On This Date In Twin Cities History - March 18, 1911

Lincoln funeral car after the fire in Columbia Heights circa 1911 (Photo by Carl Lewis)
Lincoln funeral car after the fire in Columbia Heights circa 1911 (Photo by Carl Lewis)

On this date in 1911, a prairie fire started by a group of young boys burning brush and grass in a backyard got out of control and swept through a ten block area of Columbia Heights burning President Lincoln’s railroad funeral car in the process.
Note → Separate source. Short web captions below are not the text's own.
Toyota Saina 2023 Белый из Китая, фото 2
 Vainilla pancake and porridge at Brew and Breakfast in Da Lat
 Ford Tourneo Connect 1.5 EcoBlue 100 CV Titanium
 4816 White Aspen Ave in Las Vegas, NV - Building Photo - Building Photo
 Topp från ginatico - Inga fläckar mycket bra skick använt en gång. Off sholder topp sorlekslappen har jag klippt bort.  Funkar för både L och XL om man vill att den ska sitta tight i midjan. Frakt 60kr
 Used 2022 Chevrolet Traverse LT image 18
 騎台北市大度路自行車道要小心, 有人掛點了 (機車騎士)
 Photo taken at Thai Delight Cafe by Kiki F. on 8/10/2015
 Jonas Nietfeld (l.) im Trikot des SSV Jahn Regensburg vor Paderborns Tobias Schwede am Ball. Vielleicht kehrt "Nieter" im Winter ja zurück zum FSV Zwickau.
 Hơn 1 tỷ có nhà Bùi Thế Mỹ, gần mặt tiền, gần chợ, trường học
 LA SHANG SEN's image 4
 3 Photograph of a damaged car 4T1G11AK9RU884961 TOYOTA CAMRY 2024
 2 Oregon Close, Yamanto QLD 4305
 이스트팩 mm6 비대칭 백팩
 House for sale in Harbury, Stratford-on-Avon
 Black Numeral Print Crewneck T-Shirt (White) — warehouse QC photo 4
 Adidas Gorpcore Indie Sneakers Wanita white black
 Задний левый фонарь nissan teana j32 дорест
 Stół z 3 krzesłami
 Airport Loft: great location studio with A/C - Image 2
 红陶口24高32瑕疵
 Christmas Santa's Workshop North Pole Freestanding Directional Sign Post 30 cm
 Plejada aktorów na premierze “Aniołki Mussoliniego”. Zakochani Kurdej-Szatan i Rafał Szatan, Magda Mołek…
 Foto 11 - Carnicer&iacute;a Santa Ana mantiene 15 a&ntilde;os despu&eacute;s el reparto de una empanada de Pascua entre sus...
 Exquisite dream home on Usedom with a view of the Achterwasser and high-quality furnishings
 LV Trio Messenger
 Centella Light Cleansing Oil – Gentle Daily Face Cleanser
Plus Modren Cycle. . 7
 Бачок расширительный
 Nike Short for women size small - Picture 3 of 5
First used as the private railroad car for Lincoln and his cabinet during the last three years of the Civil War, the car transported Lincoln’s body on its trip from Washington, D.C. to Springfield, Ill., where he was buried. The disinterred coffin of Lincoln’s son Willie, who had died in 1862 at age 11 of typhoid fever, was also transported on the train along with his father. The train traveled through 180 cities and seven states, with mourners lining the tracks as it passed.
 
The car had previously been on display at both the 1899 Omaha World’s Fair, as well as in the Lincoln museum at the 1904 St. Louis World’s Fair.  According to the Minneapolis Tribune (March 19, 1911), Lincoln’s railroad funeral car “was considered the most sacred relic in the United States, outside of the famous Liberty Bell.” 
 
The car was purchased in 1905 by Twin Cities attorney, real estate magnate and businessman, Thomas Lowry, who oversaw much of the early growth of the streetcar lines in Minneapolis and St. Paul. The Lowry Hill Tunnel and Lowry Hill District were named after him.  Lowry brought the funeral car to Minneapolis and then housed in Columbia Heights.  It was visited by hundreds of thousands of Americans who wished to honor Lincoln’s memory.
 
Shortly before the fire, Lowry’s heirs had given the car to the Minnesota Federation of Women’s clubs.  They had intended to move the car to Mendota to be preserved with the old Sibley House as part of a state historical museum.
 
After the fire, Edmund G. Walton, manger of the Columbia Heights Land Company, allowed the public to take fragments of the car as souvenirs.